Bradley Bowman
Members of the Shanghai Cooperation Organisation (SCO) unanimously agreed on Friday to elevate Iran to full membership. The Islamic Republic of Iran’s entry into the SCO strengthens Tehran’s relationships with China and Russia and demonstrates the need for more unity among Israel, the United States, and its Arab partners about the challenges coming from China.
The SCO was formed in 2001 as an intergovernmental organization dedicated to addressing political, economic, and security issues across Eurasia. China and Russia dominate the SCO, whose member states also include India, Pakistan, Kazakhstan, Kyrgyzstan, Tajikistan, and Uzbekistan. Diverse security priorities and tensions among members, exacerbated by the addition of India and Pakistan in 2017, mean that the SCO functions more like a diplomatic forum than a unified security bloc.

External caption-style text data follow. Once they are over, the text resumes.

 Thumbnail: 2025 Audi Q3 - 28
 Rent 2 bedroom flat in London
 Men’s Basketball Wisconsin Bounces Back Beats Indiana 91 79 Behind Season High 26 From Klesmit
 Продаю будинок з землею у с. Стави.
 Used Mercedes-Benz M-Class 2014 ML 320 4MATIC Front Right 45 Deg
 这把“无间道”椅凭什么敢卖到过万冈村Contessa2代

Despite these limitations, Iran’s SCO membership underscores Tehran’s desire to build a deep and comprehensive partnership with the People’s Republic of China. Under Iran’s “Look to the East” foreign policy, Tehran sees China as its main long-term partner. Earlier this year, Iran and China signed a 25-year strategic partnership that will see China invest several hundred million dollars in Iranian projects, including nuclear power, energy development, and infrastructure. A leaked draft of the partnership agreement called for combined Chinese-Iranian military exercises, weapons development, and intelligence sharing. The final terms of the agreement remain secret.
The Islamic Republic has also been improving its relationship with the SCO’s other key power, Russia. Tehran has agreed to hold joint military exercises with Moscow and Beijing in late 2021 or early 2022, building on trilateral naval exercises in the Indian Ocean and the Gulf of Oman in late 2019.

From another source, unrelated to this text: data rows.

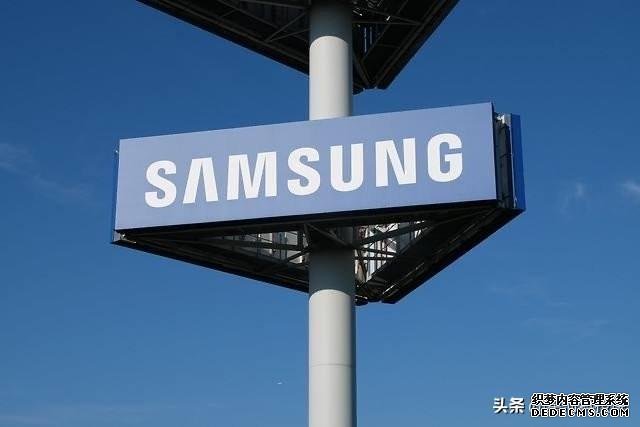 叠屏手机普及有望?三星Galaxy Fold Lite曝光,售价7792元
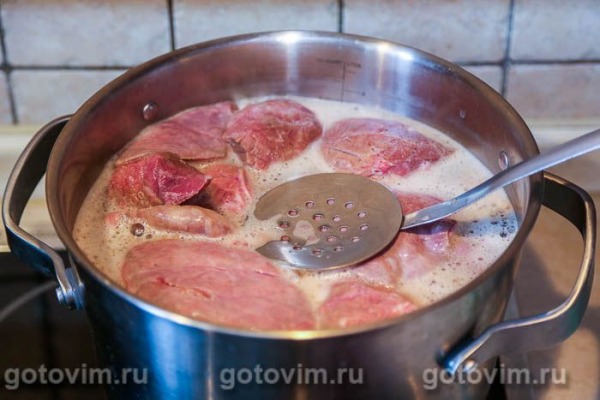 Гуляш из легкого с грибами Гуляш из легкого с грибами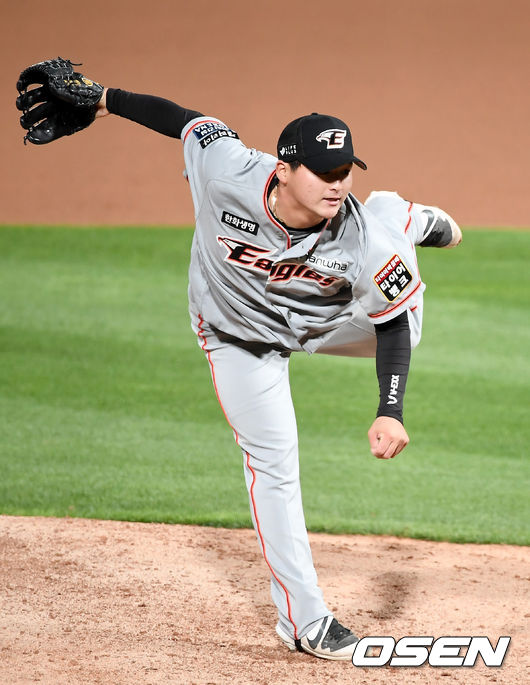 6회말 2사 한화 박주홍이 역투하고 있다. /youngrae@osen.co.kr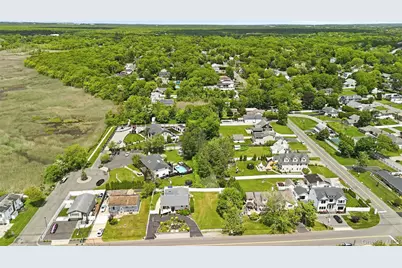 661 Shore Drive, Oakdale, NY 11769 - Photo 6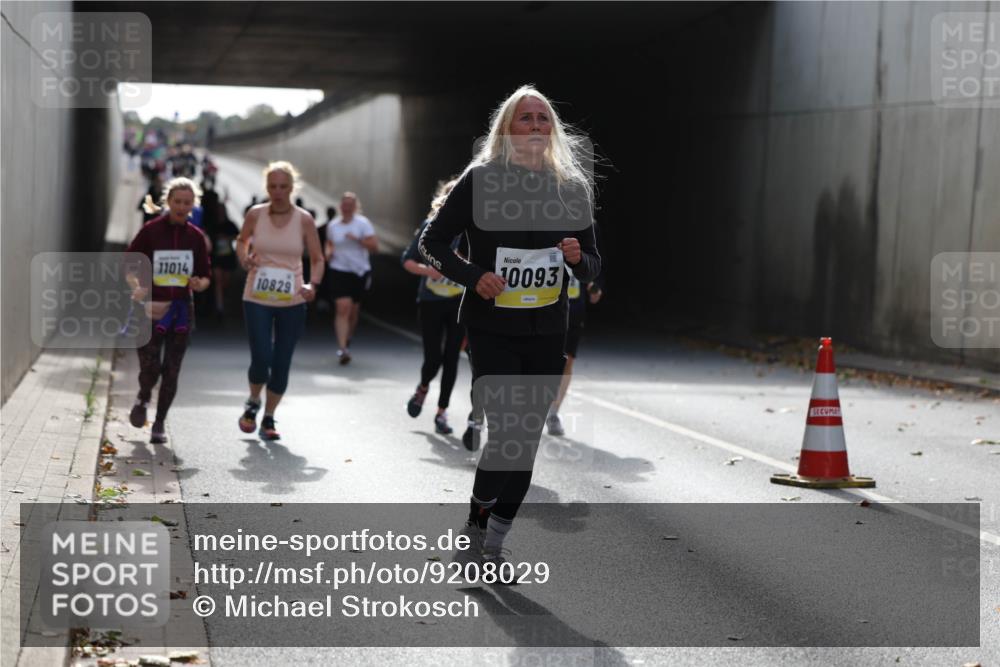 05.10.2025 - 20. swb-Marathon Bremen Michael Strokosch http://msf.ph/oto/9208029 05.10.2025 10:56:14 Laufen 11014, 10829, 10093 meine-sportfotos.de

Although it could take approximately two years to finalize the legal process of Iranian accession to the SCO, Iran’s acceptance by the body’s members reinforces the importance of enhanced cooperation between the United States and its allies and partners in the Middle East.
In particular, the growing political, military, and economic ties between Tehran and Beijing should ring multiple alarm bells in Washington, Jerusalem, and a number of Arab capitals.

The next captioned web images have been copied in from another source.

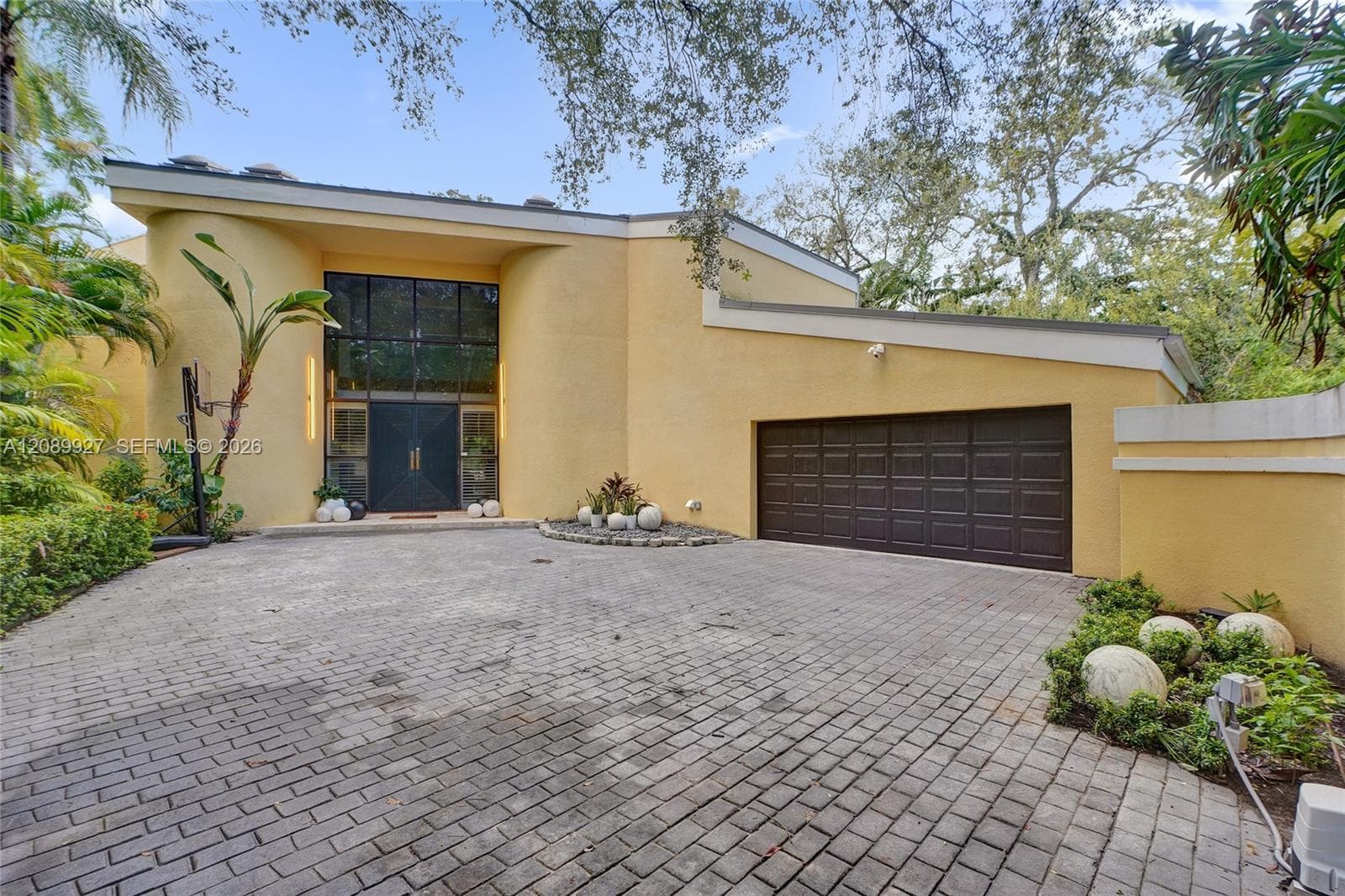 2360 Tigertail Ave photo 42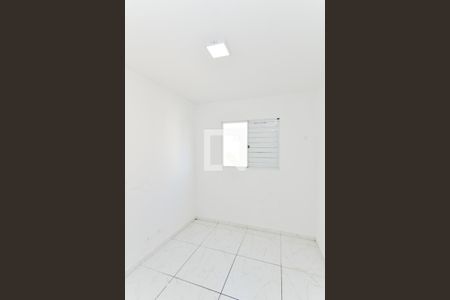 Quarto 1 de apartamento para alugar com 2 quartos, 42m² em Vila Nova Bonsucesso, Guarulhos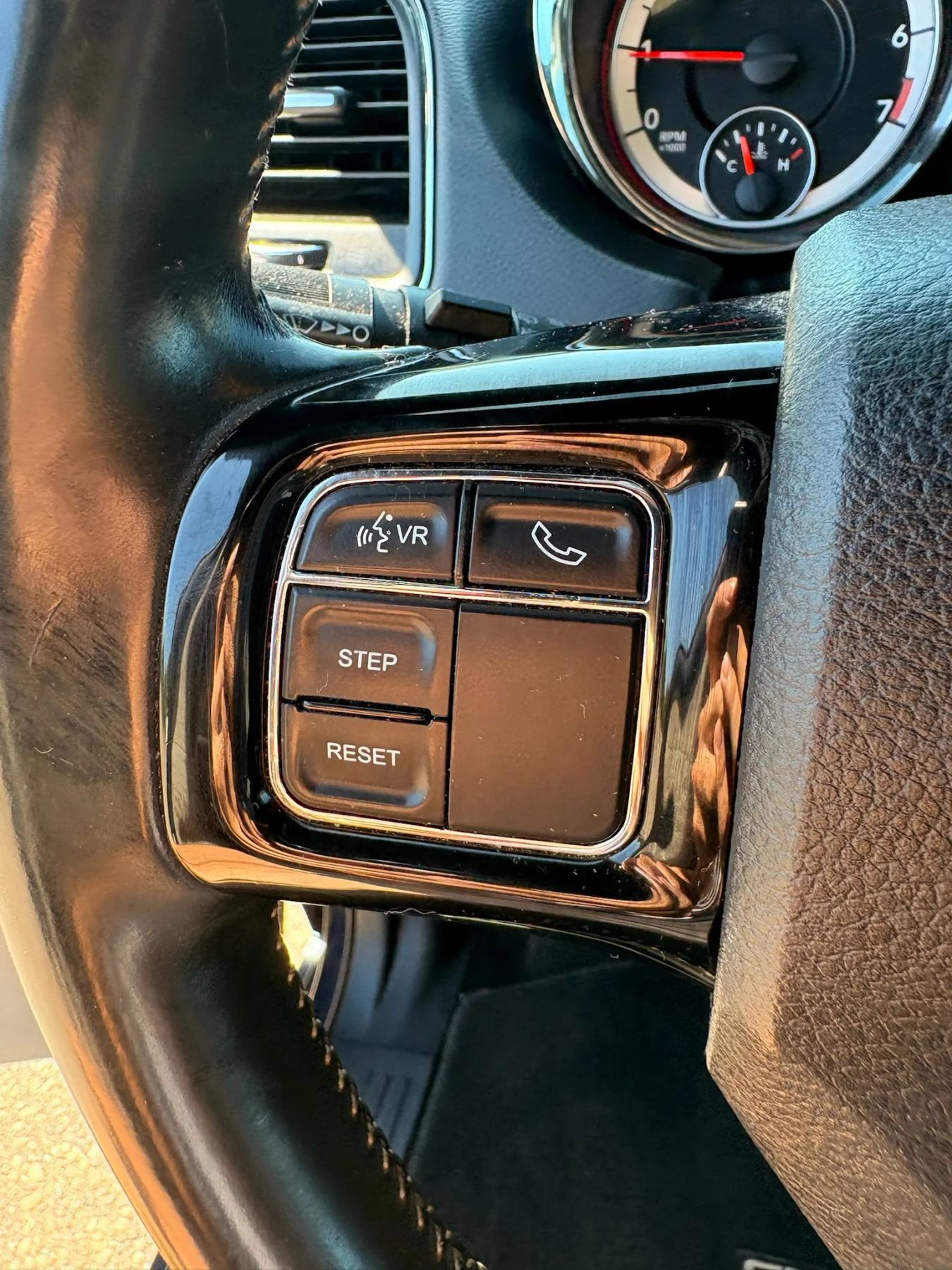 Used 2016 Dodge Grand Caravan SE FWD image 17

Some Americans have wittingly or unwittingly consoled themselves with the vague notion that great power competition happens only in Europe and East Asia, allowing the United States to ignore the Middle East. As Iran’s SCO membership shows, China and Russia compete in the Middle East, too.
They have a better grasp of the region’s continuing importance.
That reality must inform Washington’s thinking when it comes to the U.S. military posture in the region. It may just be a matter of time until Iran builds or acquires (with Beijing’s or Moscow’s help) some of the same formidable anti-access and area-denial weapons that China and Russia are already fielding. The partnership could provide Tehran, for example, more advanced air defense, missile, cyber, anti-satellite, and electronic warfare capabilities.
The growing military and economic integration between Beijing and Tehran also forces Jerusalem, Riyadh, Abu Dhabi, and others to assume that technology shared with China may find its way to Tehran. Saudi Arabia and the United Arab Emirates should be more sympathetic to concerns regarding their own growing arms purchases from Beijing. The increasingly close economic and military links between China and Iran should also help solidify a growing consensus between Washington and Jerusalem regarding the potency of the Chinese military-civil fusion threat and the need to protect shared technology that may have military applications.